Mais l’instinct n’est pas tout, et la Raison pointe les risques. De récupération d’abord : je n’ai pas envie d’être l’idiot utile d’une opération pour redorer le blason de l’hôte de l’Elysée, et la polémique sur la participation ou non du FN montre que les arrière-pensées ne sont pas absentes chez les organisateurs. Mais surtout, et c’est plus sérieux, je n’ai pas envie de ma contribuer à une cérémonie de catharsis collective qui permettrait aux des gens qui pendant trente ans ont chéri les causes dont nous observons aujourd’hui les effets – et qui à ce titre portent une sérieuse responsabilité – de jouer les Ponce Pilate. L’attentat contre Charlie-Hebdo doit beaucoup à un contexte géopolitique. Mais il doit encore plus à la manière dont on a laissé – quant on ne l’a pas fait exprès – se déliter les institutions républicaines qui nous permis, pendant si longtemps, de nous exprimer sans crainte d’être mitraillés.
Le massacre de la rédaction de Charlie-Hebdo marque symboliquement la fin d’un cycle. La fin d’une époque d’une exceptionnelle liberté, ou à l’abri d’un Etat qui remplissait son rôle de gendarme avec bien plus de bienveillance que l’on croit généralement, on pouvait se permettre de tout brocarder, de tout satiriser, de tout contester. Cette époque où l’on n’avait pas encore lâché la bride aux dragons de vertu du « politiquement correct » et aux détenteurs de vérités flingue à la main. Quand l’individualisme anarchisant est affaire de gens cultivés et minoritaires, ca passe. L’esprit bon enfant, l’humour potache, l’anarchisme gentillet qui ont fait la gloire et le charme de Charlie-Hebdo étaient possibles aussi longtemps que des idéologies, des institutions solides, un « roman national » partagé assuraient un large consensus sur le fait que certaines choses – par exemple, assassiner des humoristes – « ne se faisaient pas ». Mais lorsque ce même anarchisme devient une idéologie de masse, lorsque la société érige la toute-puissance individuelle en principe, cet esprit, cet humour sont en danger. En danger mortel.
Descartes
(1) Il n’y a plus de fous, mes amis, il n’y a plus de fous/Il est mort celui de la Mancha, cet excentrique fantôme du désert/tout le monde est sain d’esprit, terriblement, monstrueusement sain d’esprit.

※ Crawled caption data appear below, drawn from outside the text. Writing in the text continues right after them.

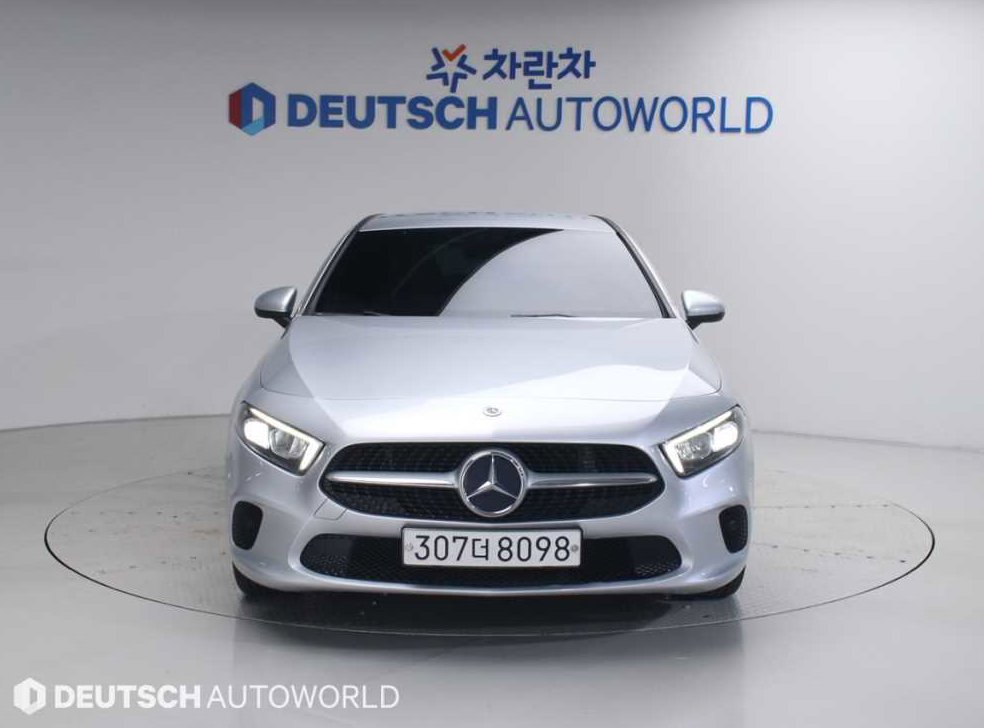 벤츠 A 클래스 A220 해치백 사진 3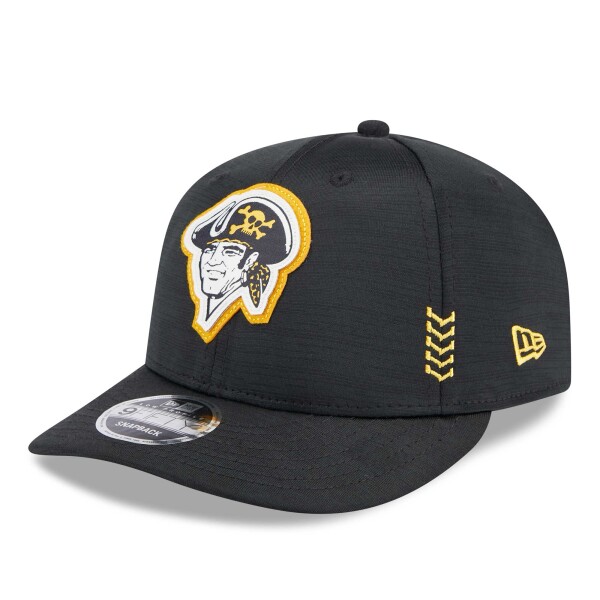 New Era Pánská kšiltovka Pittsburgh Pirates MLB 2024 Clubhouse Low Profile 9FIFTY Snapback
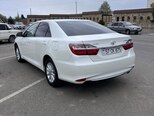 Toyota Camry-3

(2) Il y a d’ailleurs une ironie macabre dans cette affaire : ce sont deux « petits » qui auront commis le massacre, et non les forces répressives de l’Etat. Au contraire : on a vu des policiers donner leur vie pour protéger les « anti-flics », et les plus hautes autorités de l’Etat rendre hommage à ceux qui de leur vivant conchiaient l’Etat et son protocole. Si on avait dit à Cabu que sa mort aurait les honneurs d’un deuil national, il aurait pensé à une plaisanterie.
(3) Car, on ne le dira jamais assez, du Jihad à la ZAD il n’y a pas une distance aussi grande qu’on veut bien le croire chez les bisounours.